AFC South: Danny Amendola

Double Coverage: Patriots at Texans

November, 29, 2013
Andre Johnson and Chandler JonesUSA Today SportsAndre Johnson, left, and the Texans hope to surprise Chandler Jones and the Patriots.
HOUSTON -- The last time the Houston Texans faced the New England Patriots during the regular season, Houston was 11-1 and the hottest team in the league. To celebrate their youthful camaraderie, they ordered letterman jackets, the kind high school teams wear, and the jackets happened to come in right before the Patriots game.

That game marked a turning point for the Texans.

The timing of the jackets had nothing to do with the opponent; former Texans Connor Barwin and Shaun Cody were simply trying to create a tradition. That they lost so badly just after unveiling them turned the jackets into a punch line.

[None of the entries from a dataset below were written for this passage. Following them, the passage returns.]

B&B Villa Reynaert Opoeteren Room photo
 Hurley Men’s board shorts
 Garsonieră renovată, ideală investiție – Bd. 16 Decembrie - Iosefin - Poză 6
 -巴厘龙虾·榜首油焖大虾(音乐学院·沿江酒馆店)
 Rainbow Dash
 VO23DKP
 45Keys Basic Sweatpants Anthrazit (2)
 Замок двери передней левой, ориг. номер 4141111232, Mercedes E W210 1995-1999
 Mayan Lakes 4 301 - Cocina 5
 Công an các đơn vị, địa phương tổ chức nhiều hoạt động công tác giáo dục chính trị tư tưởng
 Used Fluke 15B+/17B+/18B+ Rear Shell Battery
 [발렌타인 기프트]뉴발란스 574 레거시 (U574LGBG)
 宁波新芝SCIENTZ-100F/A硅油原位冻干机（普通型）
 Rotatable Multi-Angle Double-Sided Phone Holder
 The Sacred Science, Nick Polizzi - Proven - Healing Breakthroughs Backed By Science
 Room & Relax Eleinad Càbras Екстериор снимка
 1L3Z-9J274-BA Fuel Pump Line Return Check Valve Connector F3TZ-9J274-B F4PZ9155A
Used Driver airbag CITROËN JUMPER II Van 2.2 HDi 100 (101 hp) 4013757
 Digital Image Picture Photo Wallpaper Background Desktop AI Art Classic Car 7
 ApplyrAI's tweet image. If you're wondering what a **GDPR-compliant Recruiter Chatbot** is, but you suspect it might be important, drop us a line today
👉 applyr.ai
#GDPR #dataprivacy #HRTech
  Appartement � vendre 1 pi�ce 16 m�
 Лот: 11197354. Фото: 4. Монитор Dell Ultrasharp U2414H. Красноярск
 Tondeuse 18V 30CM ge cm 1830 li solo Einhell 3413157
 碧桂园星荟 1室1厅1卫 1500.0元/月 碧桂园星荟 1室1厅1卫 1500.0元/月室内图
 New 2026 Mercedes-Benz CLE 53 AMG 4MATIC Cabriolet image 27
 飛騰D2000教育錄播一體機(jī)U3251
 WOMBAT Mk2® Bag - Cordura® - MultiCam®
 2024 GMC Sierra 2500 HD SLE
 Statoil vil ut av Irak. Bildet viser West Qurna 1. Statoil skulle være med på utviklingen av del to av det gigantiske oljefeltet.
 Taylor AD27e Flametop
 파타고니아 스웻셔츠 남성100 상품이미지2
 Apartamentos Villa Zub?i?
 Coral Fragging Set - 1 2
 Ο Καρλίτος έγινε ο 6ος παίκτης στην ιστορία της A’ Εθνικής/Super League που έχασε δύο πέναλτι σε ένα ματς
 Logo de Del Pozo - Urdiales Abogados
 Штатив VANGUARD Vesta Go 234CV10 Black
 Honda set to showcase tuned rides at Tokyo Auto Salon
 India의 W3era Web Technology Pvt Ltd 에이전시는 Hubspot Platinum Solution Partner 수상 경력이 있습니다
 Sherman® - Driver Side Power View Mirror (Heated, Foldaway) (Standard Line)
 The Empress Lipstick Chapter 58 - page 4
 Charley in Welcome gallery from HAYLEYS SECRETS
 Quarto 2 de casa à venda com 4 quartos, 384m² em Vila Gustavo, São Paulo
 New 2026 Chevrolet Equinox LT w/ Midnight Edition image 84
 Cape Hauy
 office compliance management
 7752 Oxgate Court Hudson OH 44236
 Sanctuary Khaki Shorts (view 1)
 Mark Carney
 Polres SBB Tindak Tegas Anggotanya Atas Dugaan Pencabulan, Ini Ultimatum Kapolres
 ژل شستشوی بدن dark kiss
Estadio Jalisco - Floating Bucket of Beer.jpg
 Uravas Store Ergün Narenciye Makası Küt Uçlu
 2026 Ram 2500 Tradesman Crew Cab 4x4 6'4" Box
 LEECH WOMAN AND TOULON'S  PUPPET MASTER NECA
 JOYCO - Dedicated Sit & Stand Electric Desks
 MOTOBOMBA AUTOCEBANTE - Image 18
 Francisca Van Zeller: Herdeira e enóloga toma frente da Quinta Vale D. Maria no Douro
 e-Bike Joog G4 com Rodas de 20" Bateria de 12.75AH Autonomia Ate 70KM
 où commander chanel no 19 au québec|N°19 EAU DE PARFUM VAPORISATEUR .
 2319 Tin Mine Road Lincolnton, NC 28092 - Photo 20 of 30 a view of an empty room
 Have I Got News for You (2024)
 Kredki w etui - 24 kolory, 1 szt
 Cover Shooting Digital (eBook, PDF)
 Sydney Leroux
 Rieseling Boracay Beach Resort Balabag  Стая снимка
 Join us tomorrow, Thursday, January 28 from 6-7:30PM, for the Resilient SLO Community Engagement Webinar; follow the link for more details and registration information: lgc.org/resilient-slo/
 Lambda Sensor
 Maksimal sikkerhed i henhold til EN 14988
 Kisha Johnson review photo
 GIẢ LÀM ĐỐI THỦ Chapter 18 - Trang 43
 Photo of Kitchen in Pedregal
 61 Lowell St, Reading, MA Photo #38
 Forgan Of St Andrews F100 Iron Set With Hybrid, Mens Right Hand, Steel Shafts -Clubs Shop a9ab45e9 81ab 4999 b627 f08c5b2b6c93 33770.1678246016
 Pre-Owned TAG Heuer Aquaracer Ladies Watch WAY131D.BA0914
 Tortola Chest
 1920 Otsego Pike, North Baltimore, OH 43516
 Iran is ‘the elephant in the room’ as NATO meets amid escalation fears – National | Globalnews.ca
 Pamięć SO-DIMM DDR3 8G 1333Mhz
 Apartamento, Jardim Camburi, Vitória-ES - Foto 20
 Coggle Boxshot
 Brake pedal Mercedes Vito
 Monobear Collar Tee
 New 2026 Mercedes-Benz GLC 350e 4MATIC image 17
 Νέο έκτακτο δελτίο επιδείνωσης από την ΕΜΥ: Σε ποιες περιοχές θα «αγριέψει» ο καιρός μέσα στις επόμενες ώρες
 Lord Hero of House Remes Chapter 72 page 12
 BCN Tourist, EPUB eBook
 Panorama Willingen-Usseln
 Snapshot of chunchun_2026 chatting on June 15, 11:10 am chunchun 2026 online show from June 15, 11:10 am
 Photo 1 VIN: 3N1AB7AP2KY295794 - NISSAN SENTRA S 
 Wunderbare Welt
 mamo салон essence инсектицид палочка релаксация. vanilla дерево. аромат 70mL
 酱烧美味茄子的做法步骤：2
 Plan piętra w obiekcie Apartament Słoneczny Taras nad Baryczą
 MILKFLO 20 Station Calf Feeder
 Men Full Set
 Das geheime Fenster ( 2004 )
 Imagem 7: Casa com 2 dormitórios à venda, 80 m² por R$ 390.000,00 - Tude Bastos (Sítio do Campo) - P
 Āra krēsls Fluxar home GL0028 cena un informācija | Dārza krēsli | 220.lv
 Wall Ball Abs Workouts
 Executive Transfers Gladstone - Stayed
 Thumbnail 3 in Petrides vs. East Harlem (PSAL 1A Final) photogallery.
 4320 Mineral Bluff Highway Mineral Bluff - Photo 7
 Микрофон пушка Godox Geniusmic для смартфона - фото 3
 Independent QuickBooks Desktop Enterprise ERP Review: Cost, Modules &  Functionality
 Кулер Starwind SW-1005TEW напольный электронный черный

The Patriots won 42-14, and the Texans finished their season having lost three of their last four games. That meant losing the home-field advantage that seemed theirs before that game and led to another meeting with the Patriots in the divisional round of the playoffs. New England won again, 41-28.

It was a lesson for the Texans in what it takes to be a great team.

Heading into this season, many thought the Texans were positioned to be one of the top teams in the NFL. The Patriots seemed poised for a down year, by their standards, but here we are in Week 13 and they sit in their usual spot atop the AFC East. Texans reporter Tania Ganguli and Patriots reporter Mike Reiss discuss the matchup.

Ganguli: Mike, how has the loss of so many of his top targets from last season impacted Patriots quarterback Tom Brady?

Reiss: We saw it impact Brady more significantly through the first eight games. But things have started to click the past two games, and it’s no coincidence that it coincides with tight end Rob Gronkowski's reaching a new level of comfort since his return Oct. 20, and running back Shane Vereen's coming off the injured reserve list. With those two joining receivers Aaron Dobson, Julian Edelman, Danny Amendola and Kenbrell Thompkins, the pass-catching corps has been as stocked as we’ve seen all season.

I know it’s been a down year for the Texans, but is J.J. Watt still creating havoc? Is that defense still tough?

Ganguli: Watt is still creating havoc. He has 9.5 sacks, three forced fumbles and four passes defensed. He is someone opposing offenses must track on every play. The Texans' defense has played well, but it has holes. On Sunday, the Jaguars had success with the matchup of receiver Cecil Shorts against cornerback Brandon Harris in the slot. Injuries to middle linebacker Brian Cushing and strong safety Danieal Manning have been particularly damaging. The Texans have statistically been much better with Cushing than without him since he was drafted. Their attempt to add some mental toughness with Ed Reed didn’t work as they had hoped, so two young players are starting at safety -- Shiloh Keo at free safety and D.J. Swearinger at strong safety. Swearinger is the Texans’ rookie second-round pick. He will be really good, but right now he’s learning a lot about playing at this level. They haven’t allowed a lot of yards, but have allowed too many points and not created enough turnovers.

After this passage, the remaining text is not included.